• **PROBLEM DETAILS**: Output every entry exactly as given.

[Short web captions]

▬▬▬▬▬▬▬▬▬▬

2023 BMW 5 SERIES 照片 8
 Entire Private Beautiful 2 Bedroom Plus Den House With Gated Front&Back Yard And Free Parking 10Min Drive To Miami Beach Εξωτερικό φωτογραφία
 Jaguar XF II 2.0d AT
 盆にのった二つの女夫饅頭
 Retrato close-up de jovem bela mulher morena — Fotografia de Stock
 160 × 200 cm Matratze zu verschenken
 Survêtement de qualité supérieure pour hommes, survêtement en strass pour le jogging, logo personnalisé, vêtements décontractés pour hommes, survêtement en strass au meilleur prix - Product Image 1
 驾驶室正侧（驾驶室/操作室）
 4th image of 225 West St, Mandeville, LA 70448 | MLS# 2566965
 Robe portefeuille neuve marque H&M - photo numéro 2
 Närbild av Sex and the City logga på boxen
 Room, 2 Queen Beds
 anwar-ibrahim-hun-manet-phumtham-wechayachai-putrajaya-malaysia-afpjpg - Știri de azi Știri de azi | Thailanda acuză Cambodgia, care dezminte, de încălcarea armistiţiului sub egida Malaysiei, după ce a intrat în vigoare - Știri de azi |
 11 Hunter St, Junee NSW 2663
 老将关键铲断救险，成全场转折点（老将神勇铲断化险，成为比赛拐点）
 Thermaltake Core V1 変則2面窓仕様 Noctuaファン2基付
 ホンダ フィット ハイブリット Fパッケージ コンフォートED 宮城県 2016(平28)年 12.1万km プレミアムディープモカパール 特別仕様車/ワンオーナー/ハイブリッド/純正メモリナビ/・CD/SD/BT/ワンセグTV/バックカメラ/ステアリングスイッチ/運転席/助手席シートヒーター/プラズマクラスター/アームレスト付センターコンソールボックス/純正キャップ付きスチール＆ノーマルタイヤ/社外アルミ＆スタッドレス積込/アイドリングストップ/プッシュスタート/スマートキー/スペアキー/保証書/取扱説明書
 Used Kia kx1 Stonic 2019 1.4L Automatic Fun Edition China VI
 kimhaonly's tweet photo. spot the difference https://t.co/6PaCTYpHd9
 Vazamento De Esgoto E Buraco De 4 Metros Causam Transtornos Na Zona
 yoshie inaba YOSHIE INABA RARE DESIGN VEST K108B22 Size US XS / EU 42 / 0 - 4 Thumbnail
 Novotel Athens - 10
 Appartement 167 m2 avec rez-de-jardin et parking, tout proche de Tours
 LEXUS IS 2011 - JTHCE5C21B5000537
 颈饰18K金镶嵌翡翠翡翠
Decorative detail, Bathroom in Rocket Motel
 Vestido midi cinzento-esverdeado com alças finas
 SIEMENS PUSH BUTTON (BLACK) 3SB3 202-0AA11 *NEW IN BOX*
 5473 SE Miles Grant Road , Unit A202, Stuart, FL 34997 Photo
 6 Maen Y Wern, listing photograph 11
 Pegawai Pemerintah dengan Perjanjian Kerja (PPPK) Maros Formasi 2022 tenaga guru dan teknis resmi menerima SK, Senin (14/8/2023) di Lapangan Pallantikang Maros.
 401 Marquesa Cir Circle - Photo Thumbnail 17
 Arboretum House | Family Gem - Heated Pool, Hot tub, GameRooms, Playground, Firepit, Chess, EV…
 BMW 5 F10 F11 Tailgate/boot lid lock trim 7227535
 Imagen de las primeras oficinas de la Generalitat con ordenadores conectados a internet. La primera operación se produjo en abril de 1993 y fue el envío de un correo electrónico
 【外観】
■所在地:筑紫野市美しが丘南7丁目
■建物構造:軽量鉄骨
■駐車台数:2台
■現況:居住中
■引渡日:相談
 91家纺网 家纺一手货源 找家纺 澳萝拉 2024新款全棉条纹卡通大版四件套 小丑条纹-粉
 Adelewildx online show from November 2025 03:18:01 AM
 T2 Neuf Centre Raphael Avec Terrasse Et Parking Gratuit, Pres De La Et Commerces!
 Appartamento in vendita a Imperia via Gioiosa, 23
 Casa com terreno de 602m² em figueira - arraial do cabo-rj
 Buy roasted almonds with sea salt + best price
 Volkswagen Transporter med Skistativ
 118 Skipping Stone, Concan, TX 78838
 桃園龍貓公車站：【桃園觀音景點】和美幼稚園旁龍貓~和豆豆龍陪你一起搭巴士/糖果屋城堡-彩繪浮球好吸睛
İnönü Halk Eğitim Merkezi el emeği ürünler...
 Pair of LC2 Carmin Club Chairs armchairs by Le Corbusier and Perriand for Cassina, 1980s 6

▬▬▬▬▬▬▬▬▬▬

• **ANSWER FOR THIS EXERCISE**:
2023 BMW 5 SERIES 照片 8
 Entire Private Beautiful 2 Bedroom Plus Den House With Gated Front&Back Yard And Free Parking 10Min Drive To Miami Beach Εξωτερικό φωτογραφία
 Jaguar XF II 2.0d AT
 盆にのった二つの女夫饅頭
 Retrato close-up de jovem bela mulher morena — Fotografia de Stock
 160 × 200 cm Matratze zu verschenken
 Survêtement de qualité supérieure pour hommes, survêtement en strass pour le jogging, logo personnalisé, vêtements décontractés pour hommes, survêtement en strass au meilleur prix - Product Image 1
 驾驶室正侧（驾驶室/操作室）
 4th image of 225 West St, Mandeville, LA 70448 | MLS# 2566965
 Robe portefeuille neuve marque H&M - photo numéro 2
 Närbild av Sex and the City logga på boxen
 Room, 2 Queen Beds
 anwar-ibrahim-hun-manet-phumtham-wechayachai-putrajaya-malaysia-afpjpg - Știri de azi Știri de azi | Thailanda acuză Cambodgia, care dezminte, de încălcarea armistiţiului sub egida Malaysiei, după ce a intrat în vigoare - Știri de azi |
 11 Hunter St, Junee NSW 2663
 老将关键铲断救险，成全场转折点（老将神勇铲断化险，成为比赛拐点）
 Thermaltake Core V1 変則2面窓仕様 Noctuaファン2基付
 ホンダ フィット ハイブリット Fパッケージ コンフォートED 宮城県 2016(平28)年 12.1万km プレミアムディープモカパール 特別仕様車/ワンオーナー/ハイブリッド/純正メモリナビ/・CD/SD/BT/ワンセグTV/バックカメラ/ステアリングスイッチ/運転席/助手席シートヒーター/プラズマクラスター/アームレスト付センターコンソールボックス/純正キャップ付きスチール＆ノーマルタイヤ/社外アルミ＆スタッドレス積込/アイドリングストップ/プッシュスタート/スマートキー/スペアキー/保証書/取扱説明書
 Used Kia kx1 Stonic 2019 1.4L Automatic Fun Edition China VI
 kimhaonly's tweet photo. spot the difference https://t.co/6PaCTYpHd9
 Vazamento De Esgoto E Buraco De 4 Metros Causam Transtornos Na Zona
 yoshie inaba YOSHIE INABA RARE DESIGN VEST K108B22 Size US XS / EU 42 / 0 - 4 Thumbnail
 Novotel Athens - 10
 Appartement 167 m2 avec rez-de-jardin et parking, tout proche de Tours
 LEXUS IS 2011 - JTHCE5C21B5000537
 颈饰18K金镶嵌翡翠翡翠
Decorative detail, Bathroom in Rocket Motel
 Vestido midi cinzento-esverdeado com alças finas
 SIEMENS PUSH BUTTON (BLACK) 3SB3 202-0AA11 *NEW IN BOX*
 5473 SE Miles Grant Road , Unit A202, Stuart, FL 34997 Photo
 6 Maen Y Wern, listing photograph 11
 Pegawai Pemerintah dengan Perjanjian Kerja (PPPK) Maros Formasi 2022 tenaga guru dan teknis resmi menerima SK, Senin (14/8/2023) di Lapangan Pallantikang Maros.
 401 Marquesa Cir Circle - Photo Thumbnail 17
 Arboretum House | Family Gem - Heated Pool, Hot tub, GameRooms, Playground, Firepit, Chess, EV…
 BMW 5 F10 F11 Tailgate/boot lid lock trim 7227535
 Imagen de las primeras oficinas de la Generalitat con ordenadores conectados a internet. La primera operación se produjo en abril de 1993 y fue el envío de un correo electrónico
 【外観】
■所在地:筑紫野市美しが丘南7丁目
■建物構造:軽量鉄骨
■駐車台数:2台
■現況:居住中
■引渡日:相談
 91家纺网 家纺一手货源 找家纺 澳萝拉 2024新款全棉条纹卡通大版四件套 小丑条纹-粉
 Adelewildx online show from November 2025 03:18:01 AM
 T2 Neuf Centre Raphael Avec Terrasse Et Parking Gratuit, Pres De La Et Commerces!
 Appartamento in vendita a Imperia via Gioiosa, 23
 Casa com terreno de 602m² em figueira - arraial do cabo-rj
 Buy roasted almonds with sea salt + best price
 Volkswagen Transporter med Skistativ
 118 Skipping Stone, Concan, TX 78838
 桃園龍貓公車站：【桃園觀音景點】和美幼稚園旁龍貓~和豆豆龍陪你一起搭巴士/糖果屋城堡-彩繪浮球好吸睛
İnönü Halk Eğitim Merkezi el emeği ürünler...
 Pair of LC2 Carmin Club Chairs armchairs by Le Corbusier and Perriand for Cassina, 1980s 6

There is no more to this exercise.